[Given data — start]

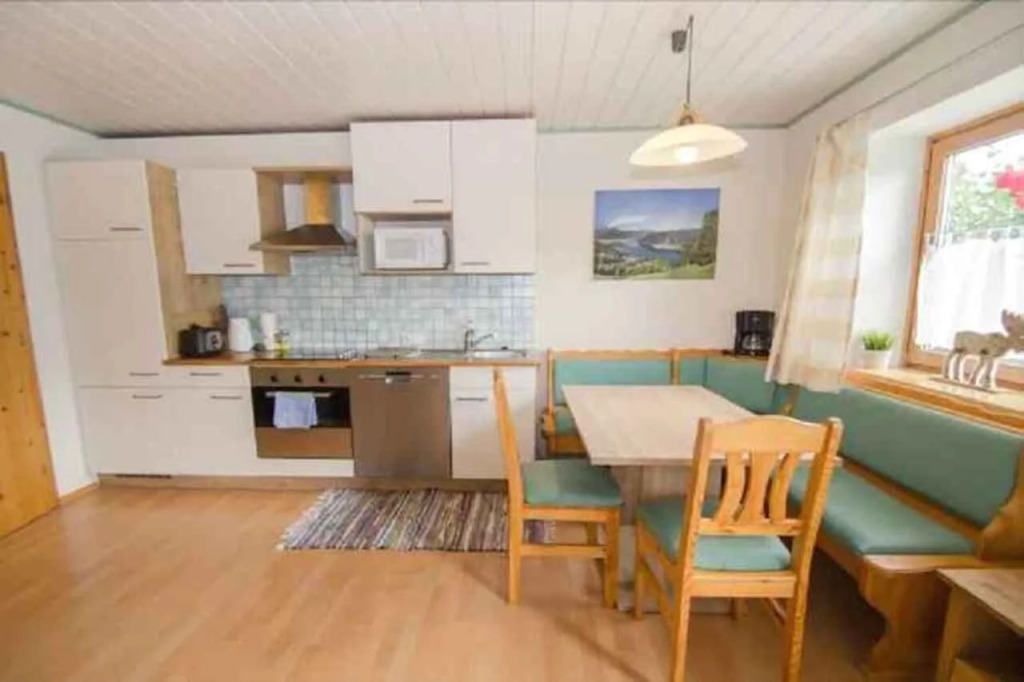 Apartment FUCHSLEHEN with terrace and mountain view by All in One Apartments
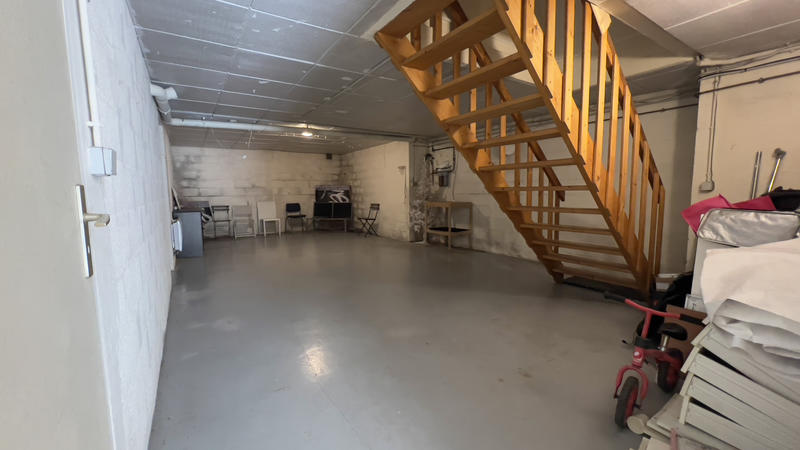 Maison - 223 m² - 7 pièces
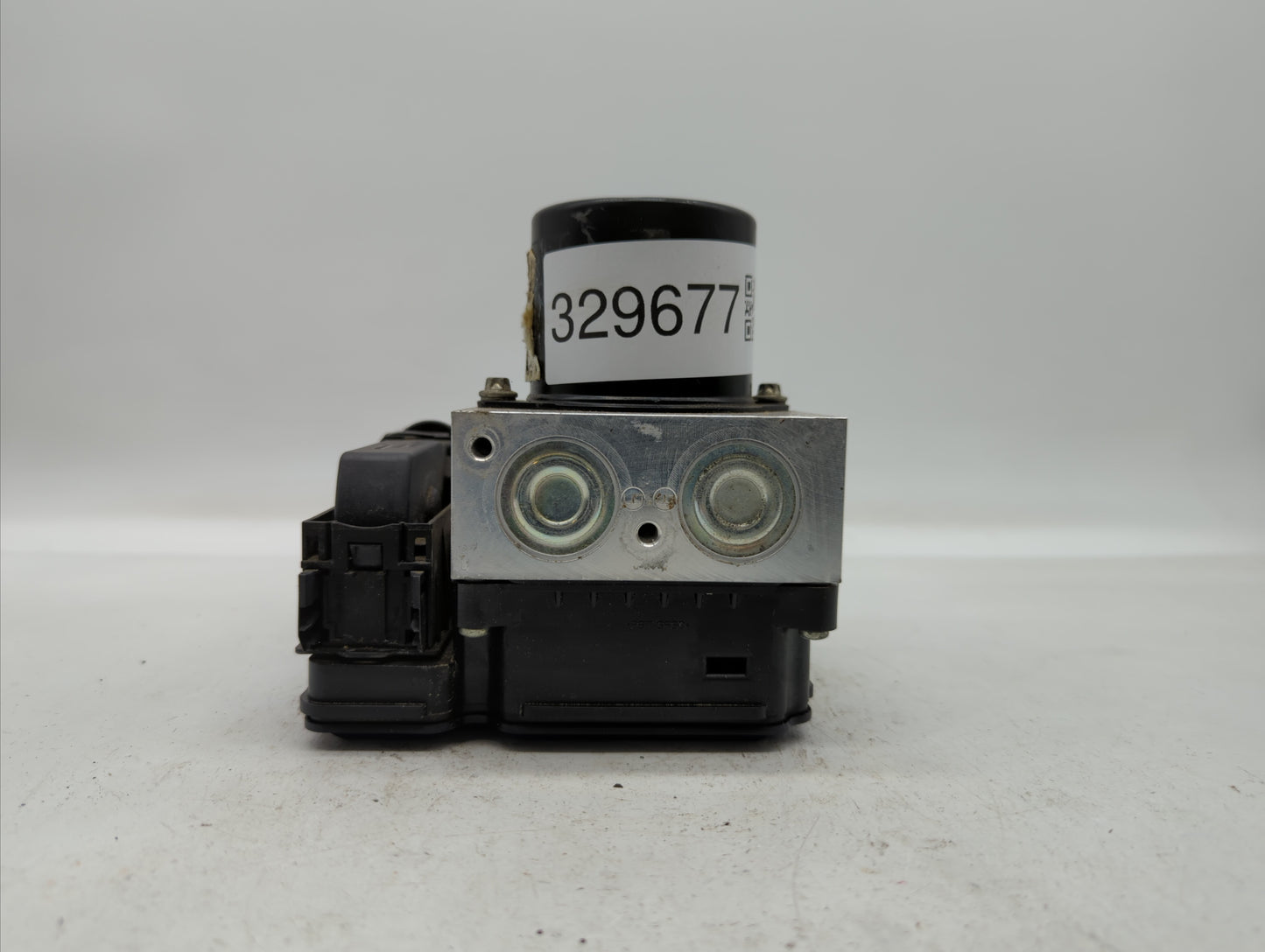 2011 Buick Regal ABS Pump Control Module Replacement P/N:13328651 13332549, 22757649, 22757639 Fits OEM Used Auto Parts - Oe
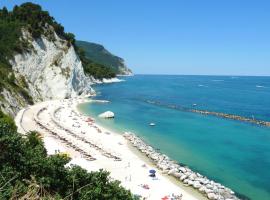 239 - Comoda mansarda in centro a Sirolo, con vista mare - POSTO AUTO E ARIA CONDIZIONATA INCLUSI - SPIAGGIA WHITE BEACH CLUB OMAGGIO dal lun al ven FINO AL 02-08, hotell i Sirolo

[Given data — finish]

* Instructions to follow
Copy out the full material exactly. Pictures should not appear in it.

* Response box
 Apartment FUCHSLEHEN with terrace and mountain view by All in One Apartments
 Maison - 223 m² - 7 pièces
 2011 Buick Regal ABS Pump Control Module Replacement P/N:13328651 13332549, 22757649, 22757639 Fits OEM Used Auto Parts - Oe
 239 - Comoda mansarda in centro a Sirolo, con vista mare - POSTO AUTO E ARIA CONDIZIONATA INCLUSI - SPIAGGIA WHITE BEACH CLUB OMAGGIO dal lun al ven FINO AL 02-08, hotell i Sirolo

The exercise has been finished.